YOUR OBJECTIVE: All that is wanted is the line with "22744 Southwest 54th" and each line after it to the end of the data below, set down exactly and without pictures.
STORED DATA: Begin
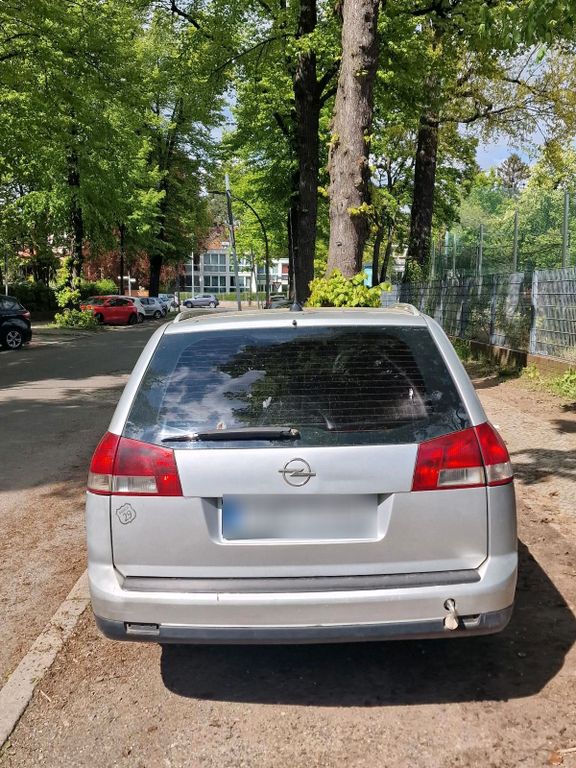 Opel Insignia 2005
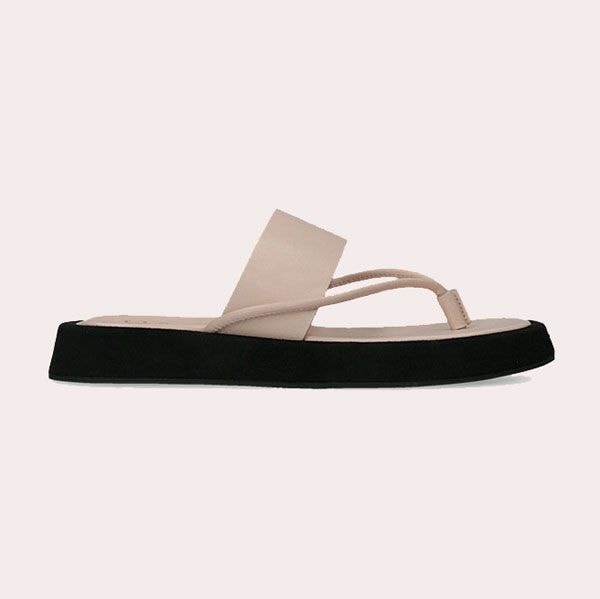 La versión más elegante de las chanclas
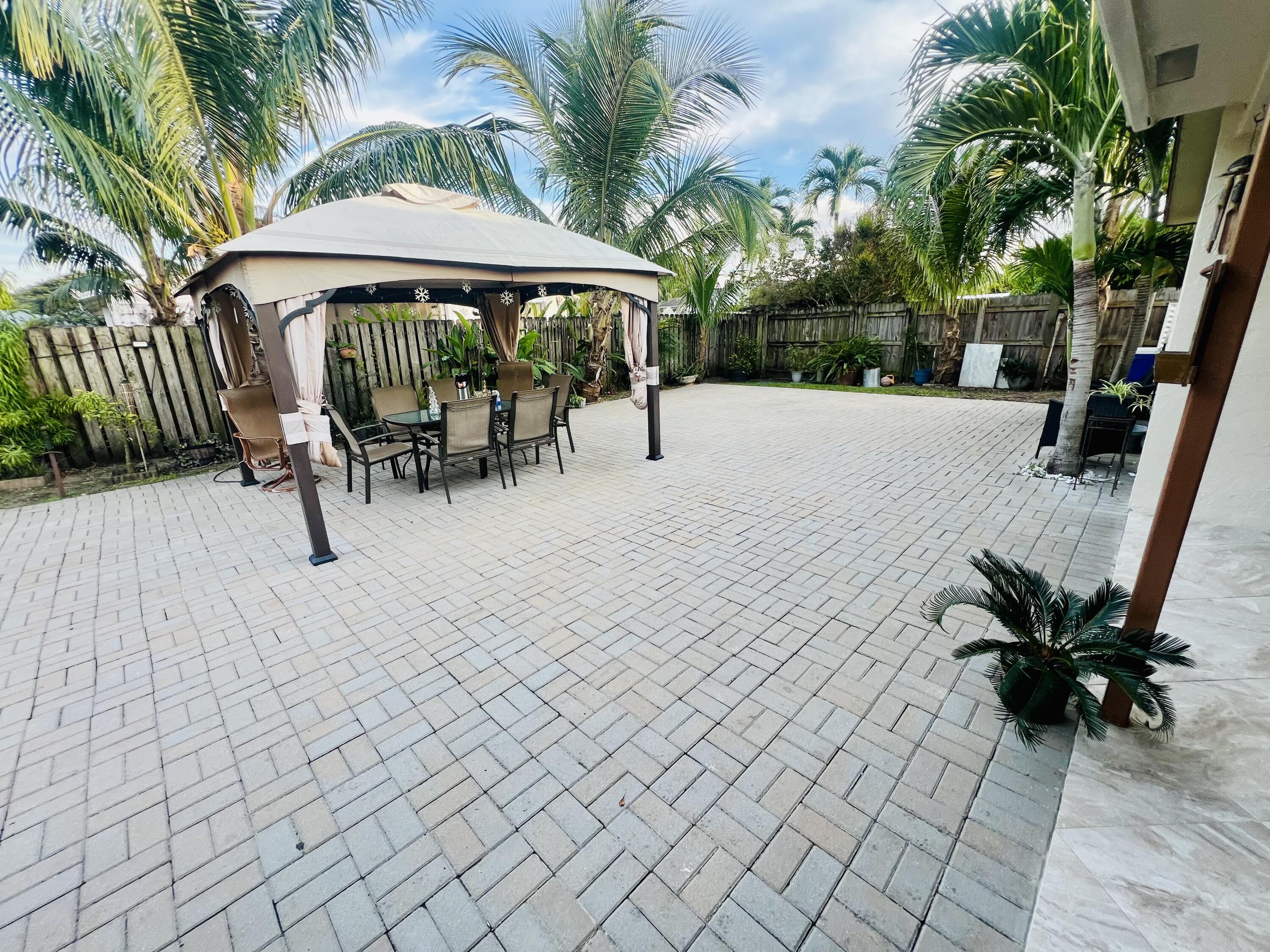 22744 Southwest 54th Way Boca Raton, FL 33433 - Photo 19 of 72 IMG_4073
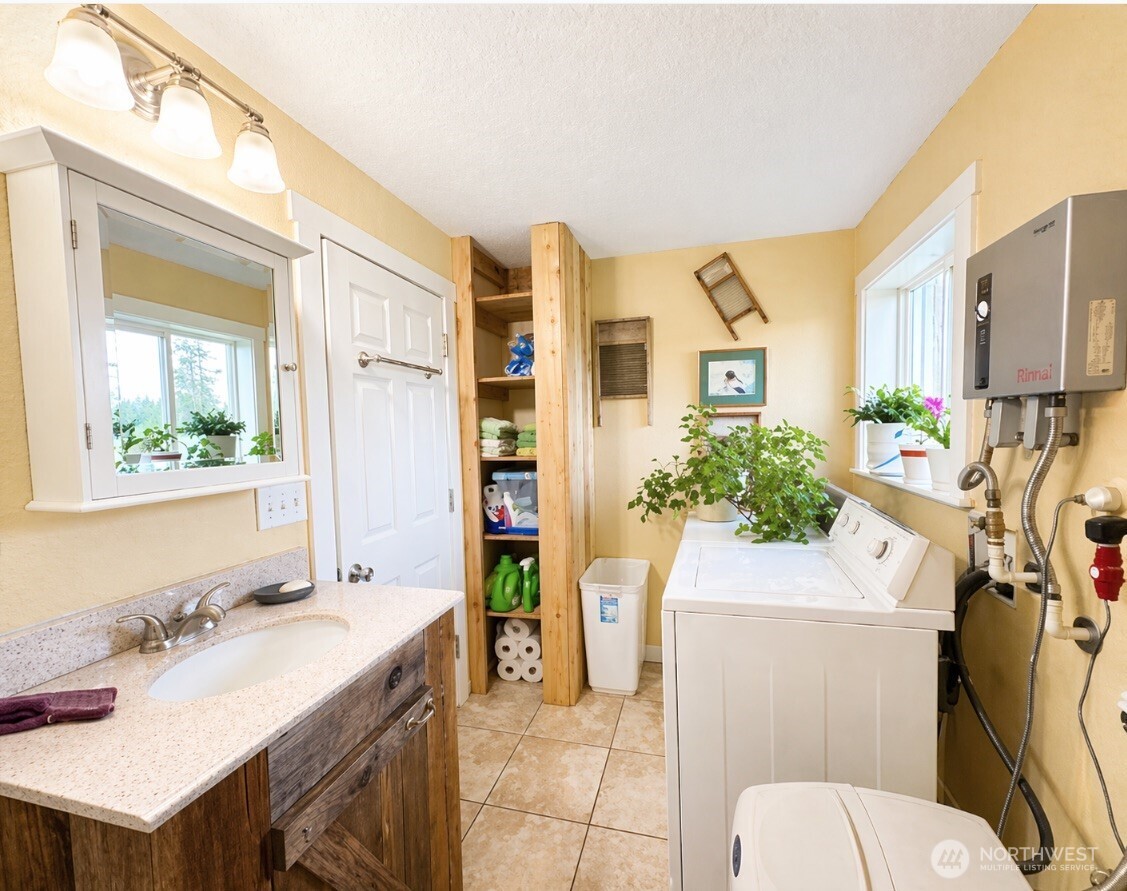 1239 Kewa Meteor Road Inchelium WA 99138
STORED DATA: End
OUTPUT OF THE TASK:
 22744 Southwest 54th Way Boca Raton, FL 33433 - Photo 19 of 72 IMG_4073
 1239 Kewa Meteor Road Inchelium WA 99138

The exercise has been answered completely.